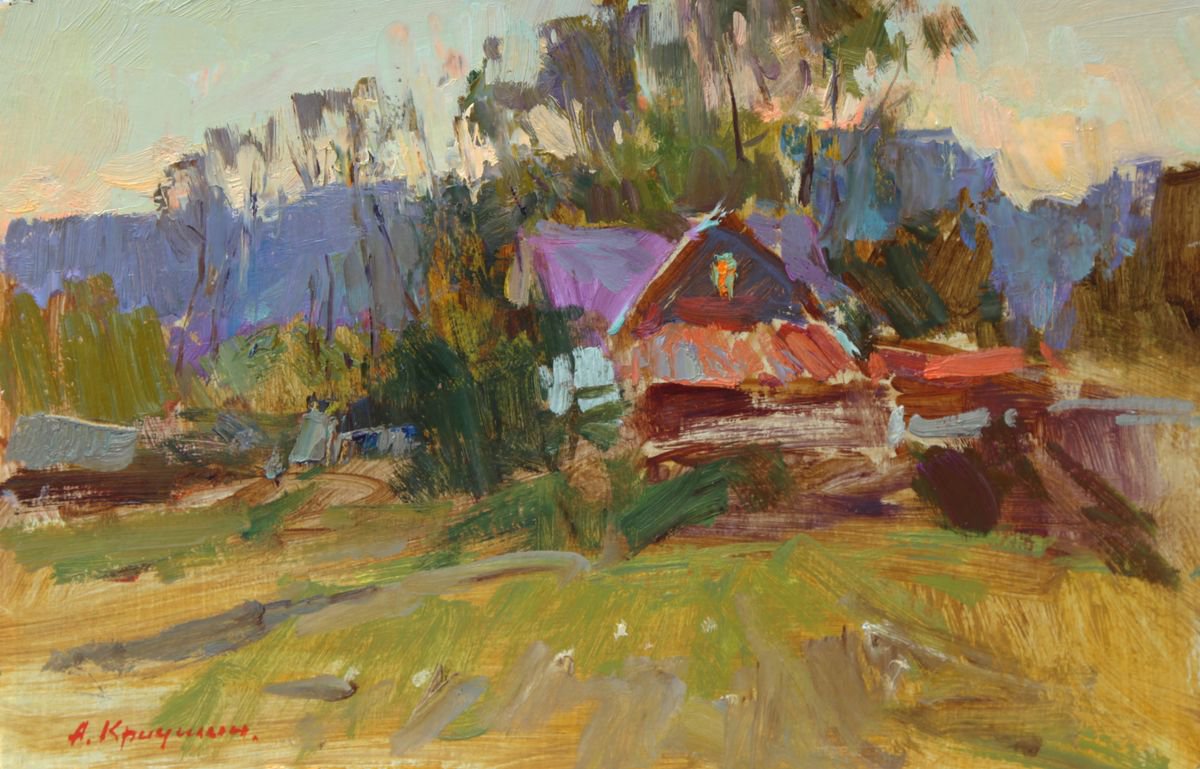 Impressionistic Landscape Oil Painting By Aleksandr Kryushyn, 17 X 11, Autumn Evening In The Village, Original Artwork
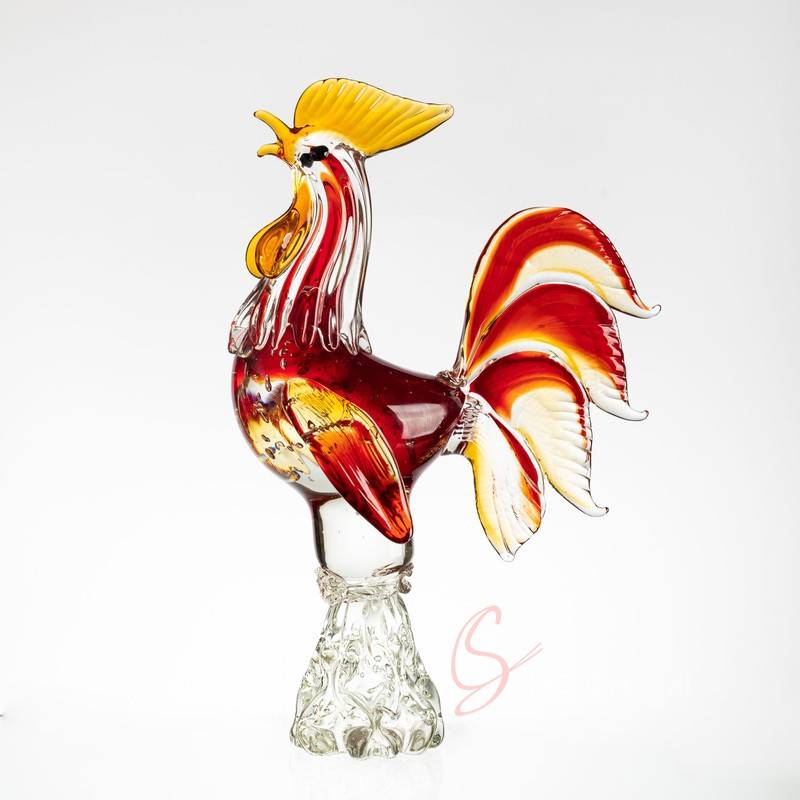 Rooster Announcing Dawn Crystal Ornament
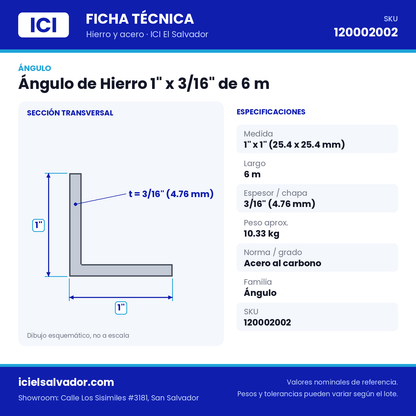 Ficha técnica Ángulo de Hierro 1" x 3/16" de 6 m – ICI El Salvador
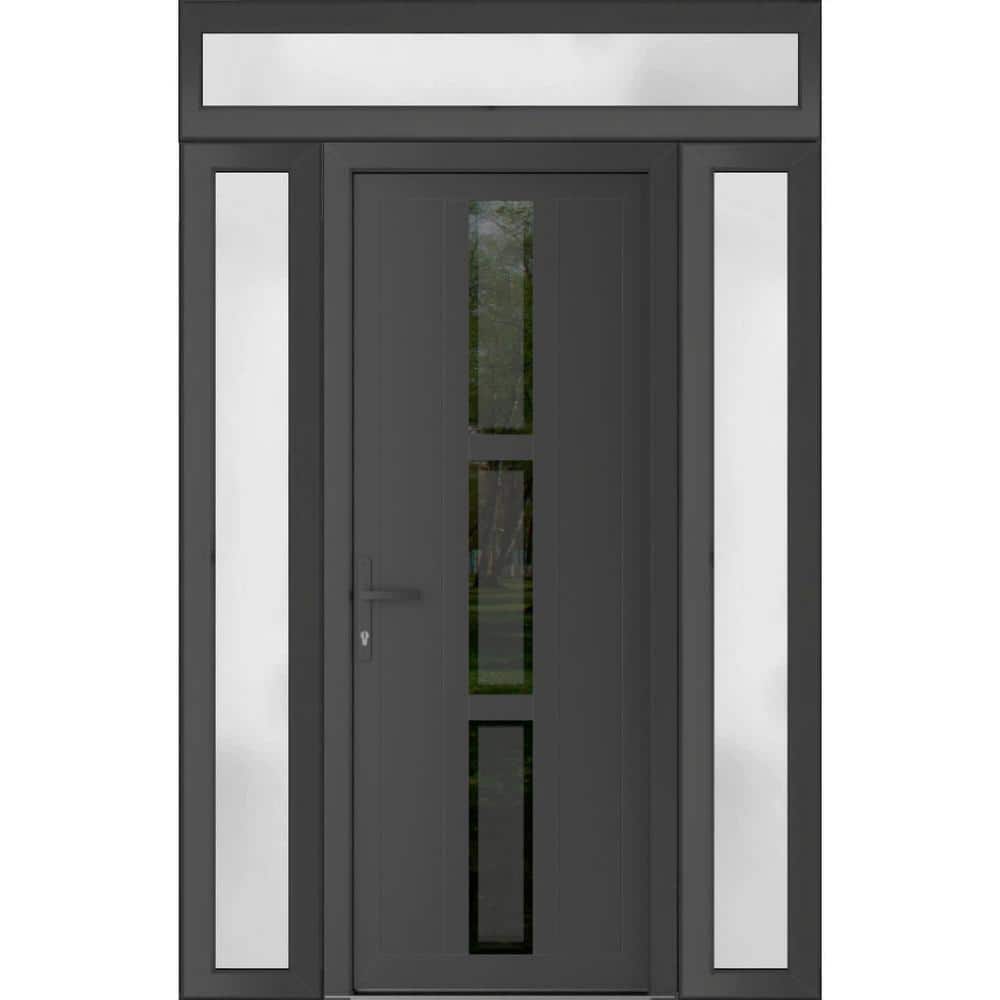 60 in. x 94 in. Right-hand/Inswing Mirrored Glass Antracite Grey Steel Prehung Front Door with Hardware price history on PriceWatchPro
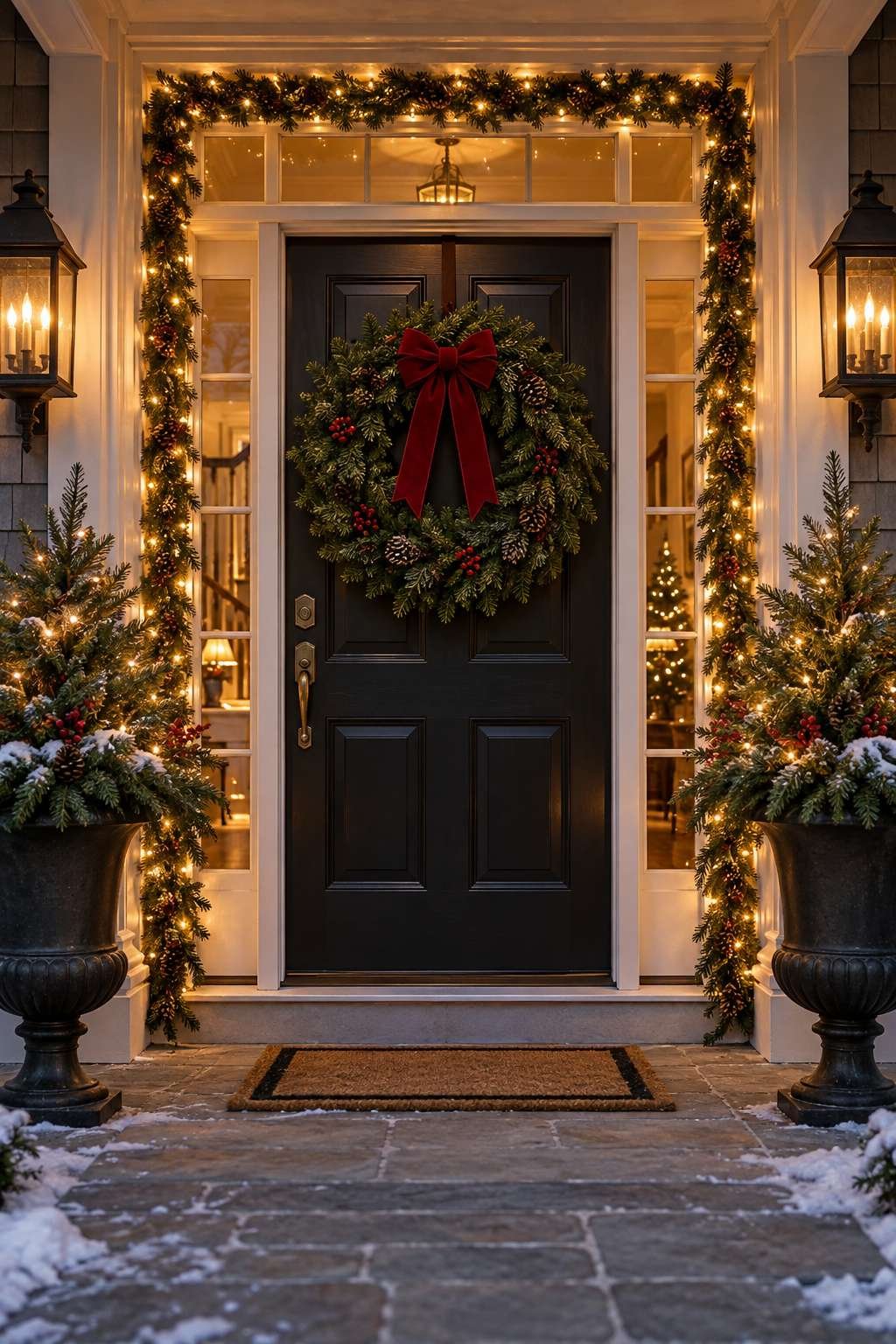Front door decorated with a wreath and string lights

☆ ☆ ☆

- TASK OBJECTIVE
Go back to the line that contains "60 in. x 94" and copy it, along with each line after it through the end of the listing above, exactly and without pictures.

- SOLUTION TO THE PROBLEM
 60 in. x 94 in. Right-hand/Inswing Mirrored Glass Antracite Grey Steel Prehung Front Door with Hardware price history on PriceWatchPro
Front door decorated with a wreath and string lights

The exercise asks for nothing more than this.